Abstract: We present a novel approach to inferring transcription factor (TF) activities and kinetic rates in transcriptional networks from mRNA expression time courses. Within a Bayesian framework, we place a switching stochastic process prior on the TF activity profile, and derive a likelihood from the ODEs governing mRNA transcription. We use a variational inference approach that allows us to determine both the posterior TF process and the kinetic parameters (production/ decay rates). More importantly, we show that, given sufficient data and some partial information about the connectivity of the transcriptional network, the method is capable of handling the situation when transcription is governed by a set of non-linearly interacting TFs.

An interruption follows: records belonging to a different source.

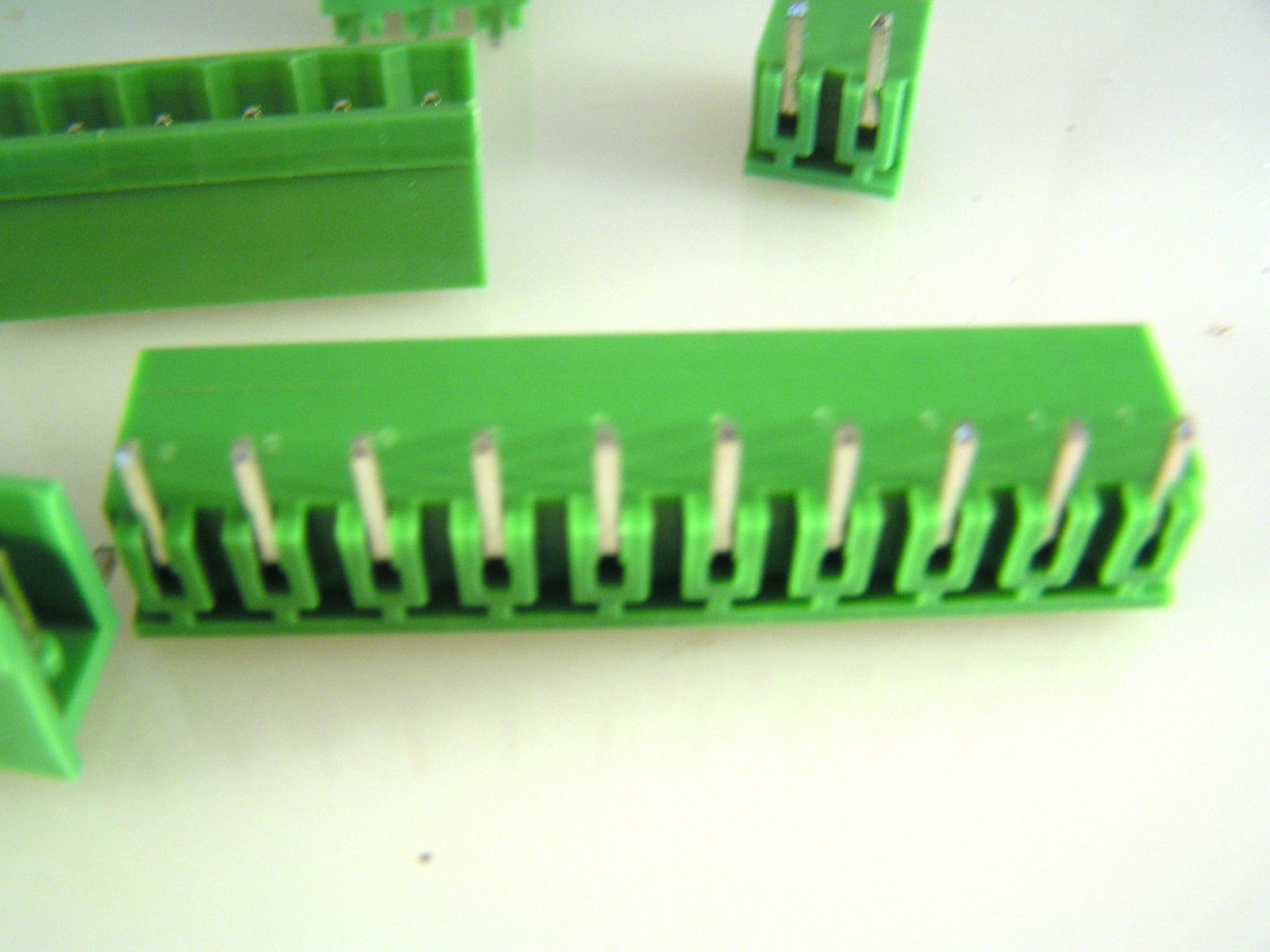 R/A PCB Header Plug Terminal Blocks 12A 300V 2 to 10 Way 2 Pieces EB84 ...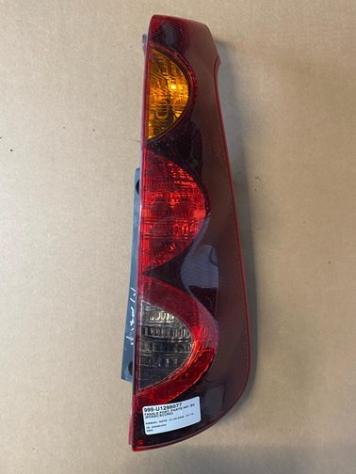 FANALE POST. PARTE INF. DX (ROSSO SCURO) 999-U1298077 Parti elettriche Fanaleria Fanali Fanale post. sx. NISSAN - NOTE - 01-02-2006 - 01-10-2008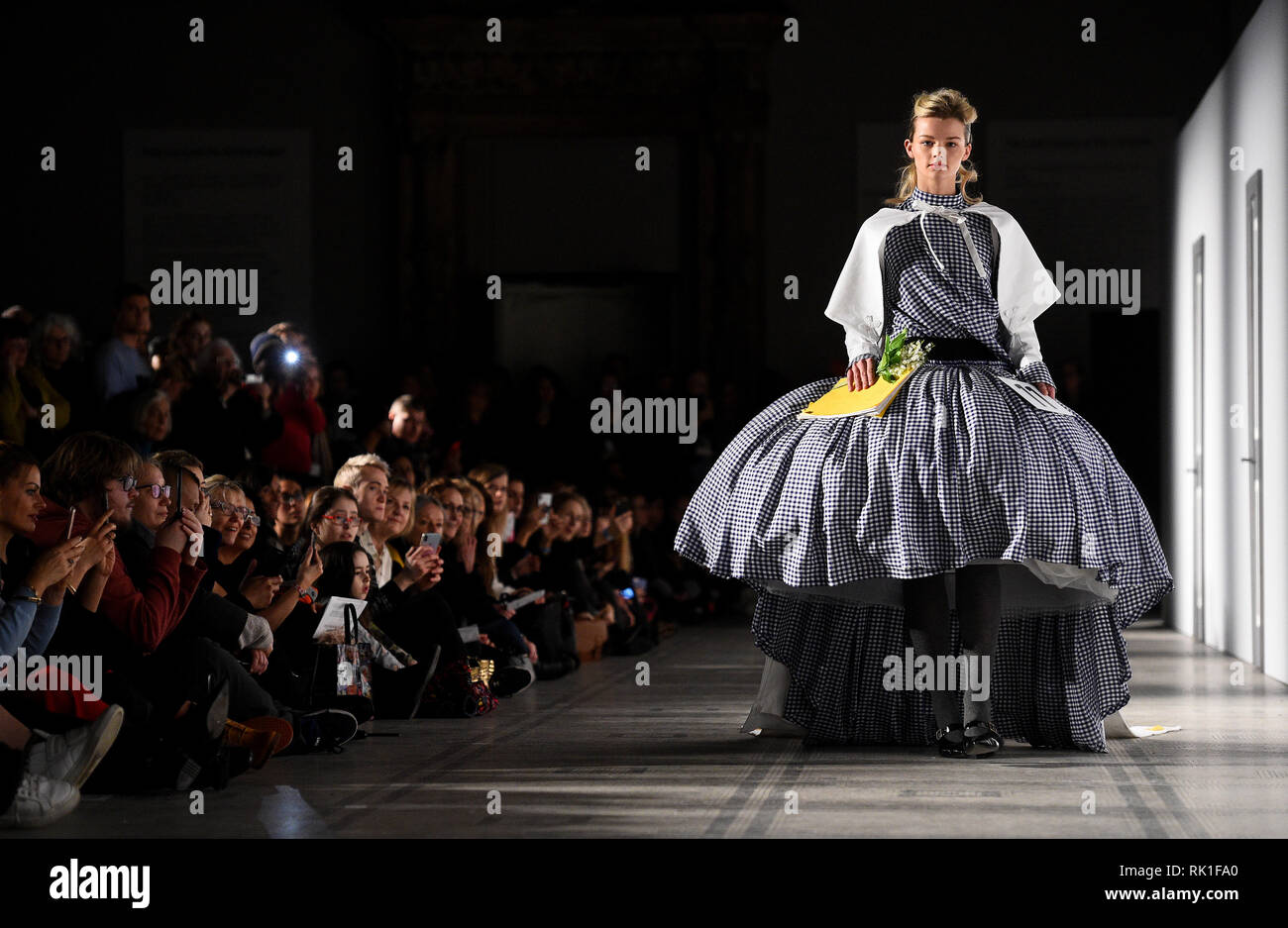 Ein Modell, während ein Foto für Mode Presentation Mode in Bewegung: von Christian Dior im V&A, Victoria und Albert Museum, South Kensington, London inspiriert. Stockfoto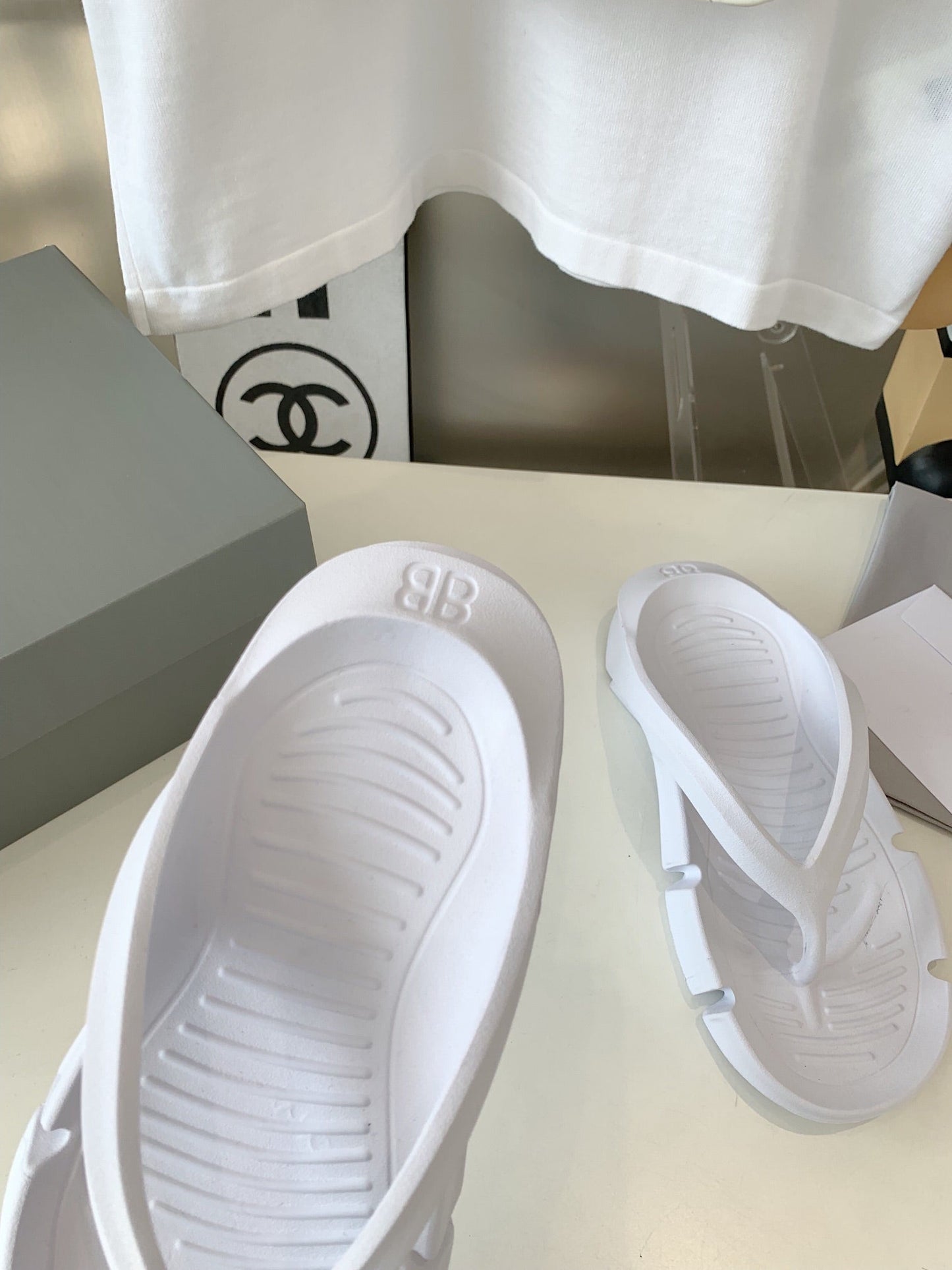 Balanciaga THONG SANDALS IN WHITE RUBBER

Inferring gene regulatory network topology using a non linear sparse Dynamic Bayesian Network model

by Ed Morissey

Abstract: It is a well known fact that genes do not act alone, rather they form part of complex interacting
networks. Specialised genes called transcription factors codify proteins that drive the dynamics
of other genes, these in turn codify proteins that perform a number of essential functions (DNA repair,
signalling molecules, ...). Depending on the structure of these networks, certain behaviour can emerge
such as oscillating gene expression dynamics, switch-like behaviour, etc. Although all this is known, currently
few networks are fully characterised. Given that we can measure the activity of these genes, the challenge is
to try to predict the structure of the network from the gene activity.

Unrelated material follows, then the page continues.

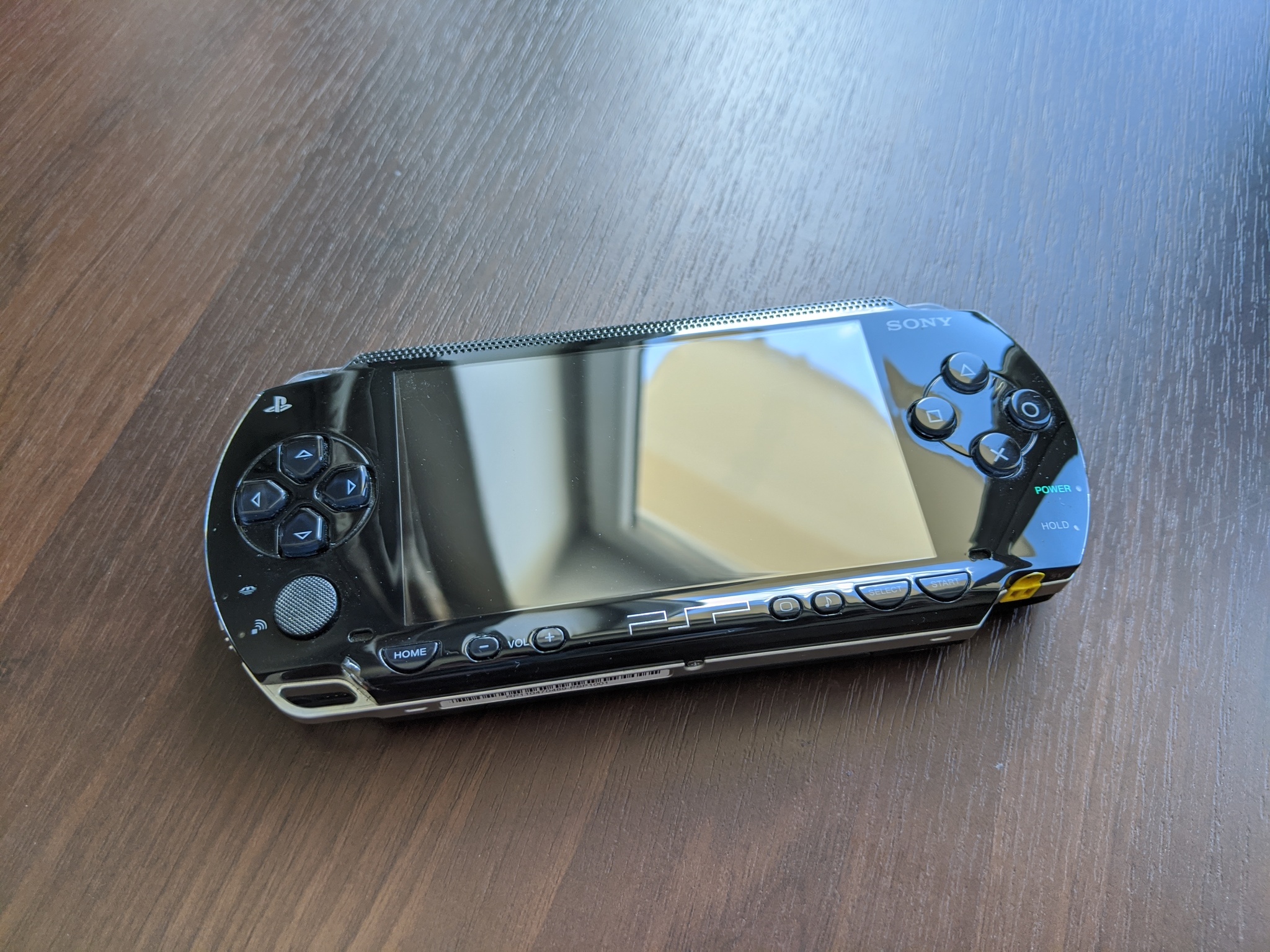 Зыз. Коллекция портативных консолей. PSP коллекция. Коллекция портативок. Очень маленький телефон.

Several methods have been put forward, most of them relying on a linear approximation to explain the
relation between genes. Although this approximation strikes a good balance between complexity/accuracy,
thanks to molecular modeling we know that these interactions are better represented by non linear
montone functions.
We propose a fully Bayesian semi-parametric model, based on penalised splines. The model is compared to
the equivalent linear model with a number of synthetic and real examples.